Since the beginning of the year, Brembo’s stock price was heavily penalised for little reason in the Investment Adviser’s mind. Full year numbers released on 5th March showed a solid sales growth trend (+8.1% published), way above growth in the automotive sector. Management’s guidance was for similar growth in 2018, in spite of negative counter effects from FX moves. According to the Investment Adviser, Brembo will benefit over the coming years from the ramping up of newly opened production sites in Mexico, Poland and China, from a top line as well as a margin perspective. The team entered this position in May 2015 at an average price of €9.0 and subsequently took significant profits in May 2017, reducing the position by approximately 60% to a below 2% position weighting at a price of €15. Last month, the position was sizably increased again due to improved risk return characteristics and an increased discount to the team’s fundamental valuation, a 4%+ position weighting at a price below €12.5 per share.

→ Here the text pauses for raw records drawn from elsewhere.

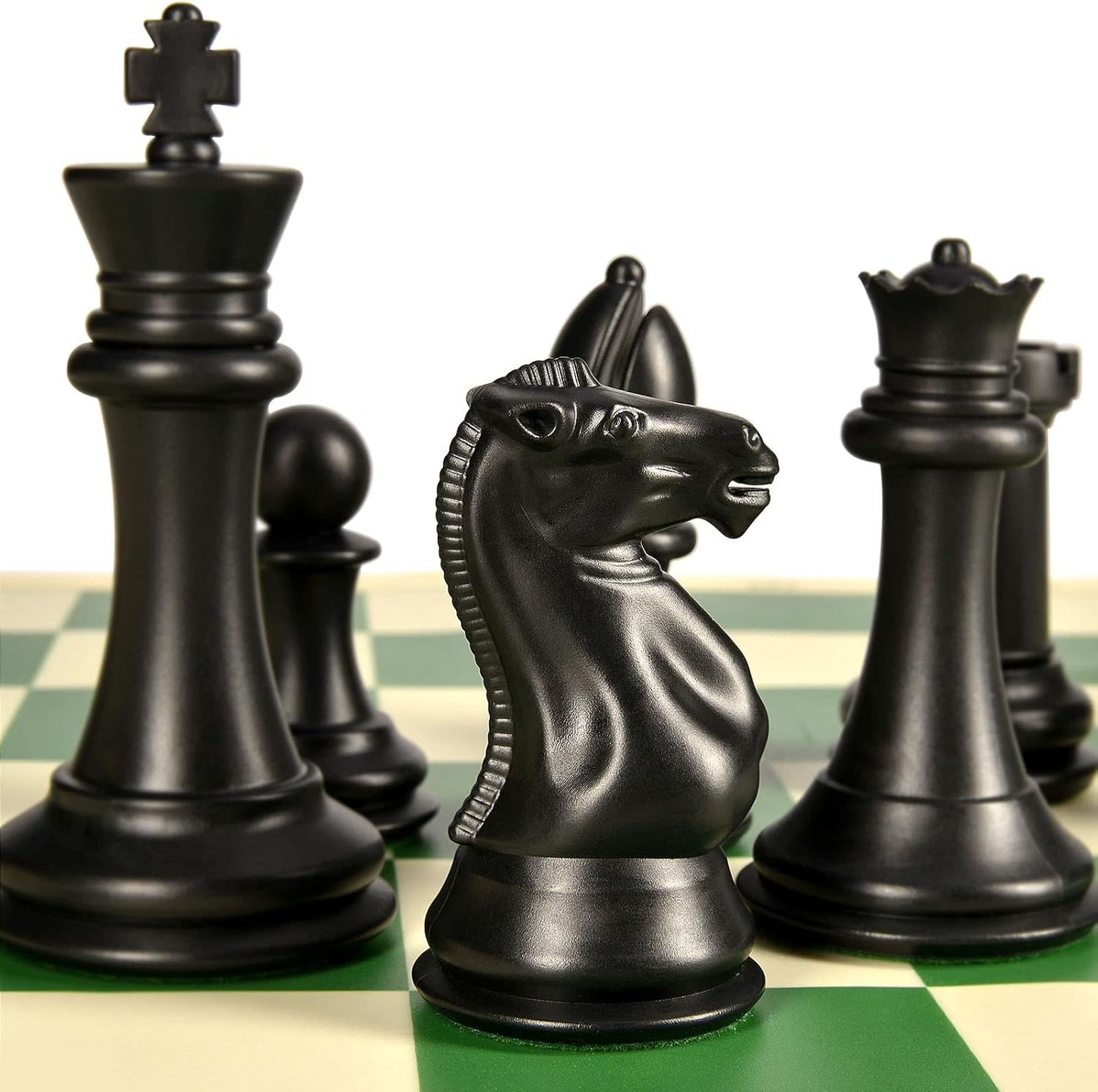 4" King Tournament Chess Set Foldable 20" Silicone Chess Board Mat with 2.2" Squares Green Color, Weighted Chess Pieces- 2 Extra Queens, Carrying Case for Storage and Travel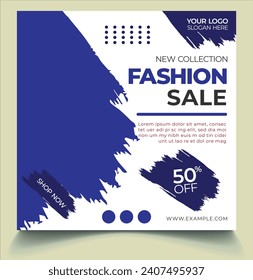 New fashion sale discount post and flyer design vector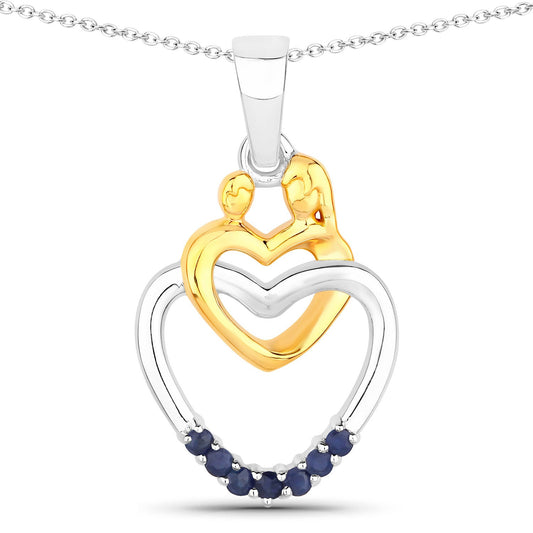 Colgante de plata esterlina .925 con zafiro azul genuino de 0,14 quilates
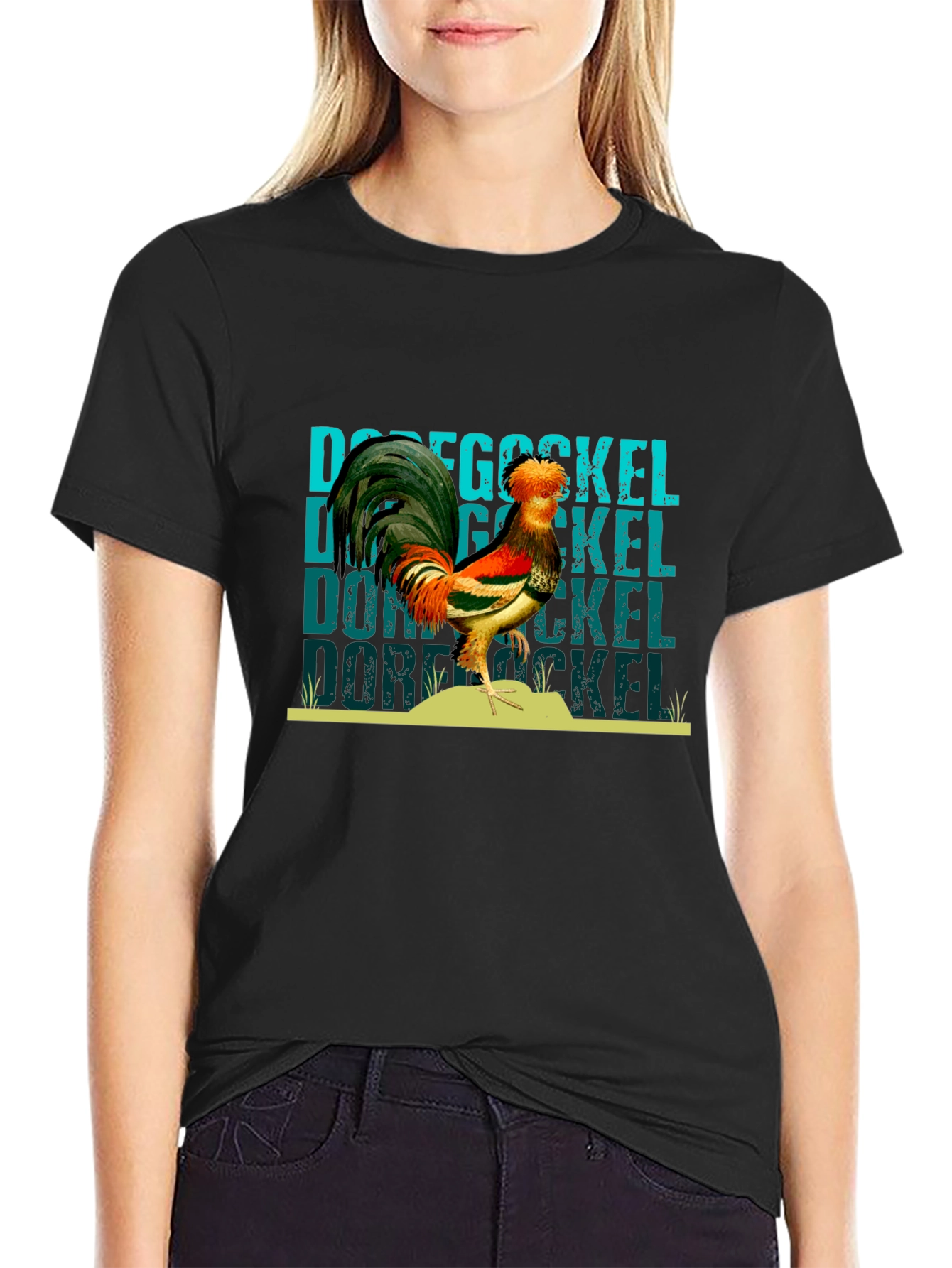 Dorf Gockel Rooster Graphic Black T-Shirt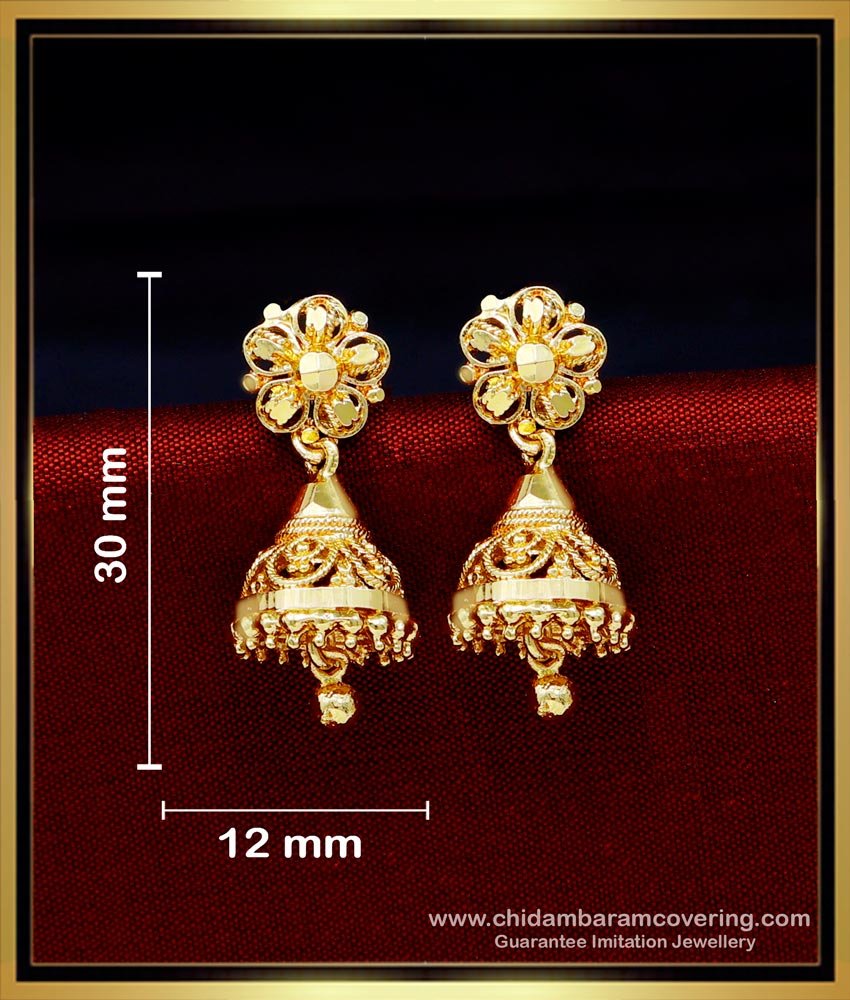 ERG1699 - Traditional Jhumka Earrings Gold Design for Daily Use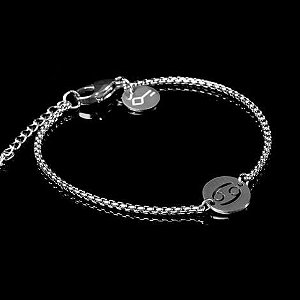 Pulseira Key Design Signo Câncer de Aço Prata Ajustável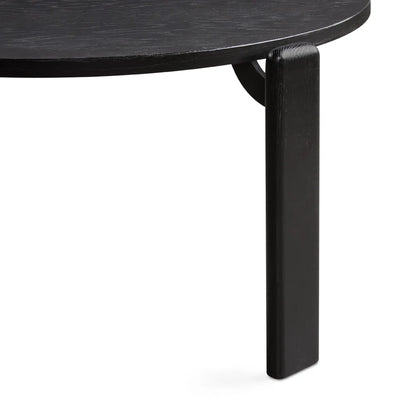 Myrtle Black Round Coffee Table – Oak Veneer Wood Top & Sleek Base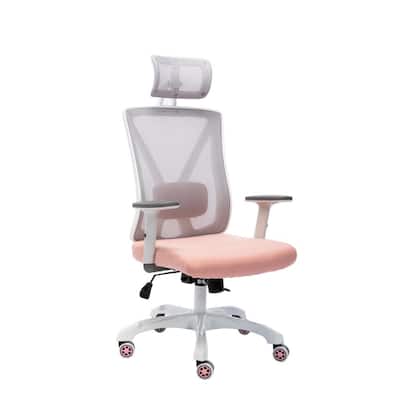 Pink Fabric with Adjustable Lumbar Support and Armrests Breathable Mesh Back Padded Seat Ergonomic Task Office Chair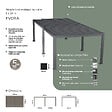 HESPERIDE - Pergola bioclimatique  "Evora" grand modèle 6x3,6m en aluminium traité époxy Graphite - vignette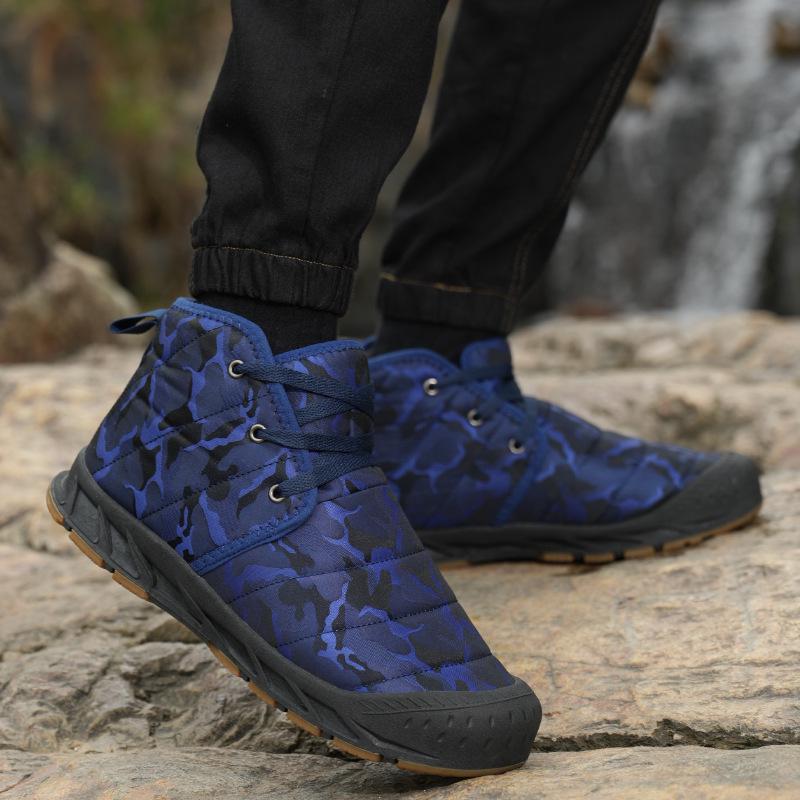 Men's High-Top Camouflage Waterproof Snow Boots - Non-Slip Outdoor Velvet-Lined Casual Cotton Shoes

Andritz was sold at a profit in mid-March, prior to a stock price decline, to concentrate the Fund’s exposure in the Pulp & Paper manufacturers market on Valmet. At this stage, the Investment Adviser believes that Valmet – as the other half of the duopoly – offers a purer play on Pulp & Paper and greater long-term potential.
Rieter dropped by 17.2% in March, following an indication by the Management that EBIT is likely to be flattish in H1. After several conversations with the management team, the Investment Adviser believes that H1 is likely to be the perfect “misalignment of stars” for the Company, and that the phenomenon should reverse in H2 18. Looking at consensus numbers, Rieter trades at 7.8 2019 EV/EBIT, with downside protection coming from hidden assets and a Free Cash Flow yield north of 10%.
Spie was also severely penalised with an 11.5% decline during the month, as a result of rather dull margin guidance. Once again, the Investment Adviser thinks that this fails to capture the cash generating abilities of the business, which translates into a 9 to 11% Free Cash Flow Yield for the next 3 years.
Lastly, Metall Zug still suffers from losses stemming from a tiny business representing 5% of the Group’s turnover. The implementation of SAP has shown that the business’ underlying losses were more significant than expected and stronger measures are needed to put it afloat. The management has taken sizeable provisions in the 2017 accounts (CHF13M for a CHF50M business) and committed to communicate its decision around mid-year in 2018. This set-back is clearly a disappointment; however the business only represents 1% of Metall Zug’s Enterprise Value and has certainly caught the majority of the market’s attention according to the Investment Adviser’s view. Overall, the team believes that the situation is well under control and that the investment thesis remains unchanged, albeit being delayed.
In addition to the disposal of Andritz mentioned earlier, the team also closed the position in Aubay during March. Aubay was a successful investment that generated an 85% return for the Fund over the life of the trade, which was initiated in May 2015. These two sales, along with the four in February have increased the concentration of the Fund’s portfolio to 30 positions, with sizeable upside potential and free cash flow protection.
The views and statements contained herein are those of Pascal Investment Advisers SA in their capacity as Investment Adviser to the Fund as of 10/04/18 and are based on internal research and modelling.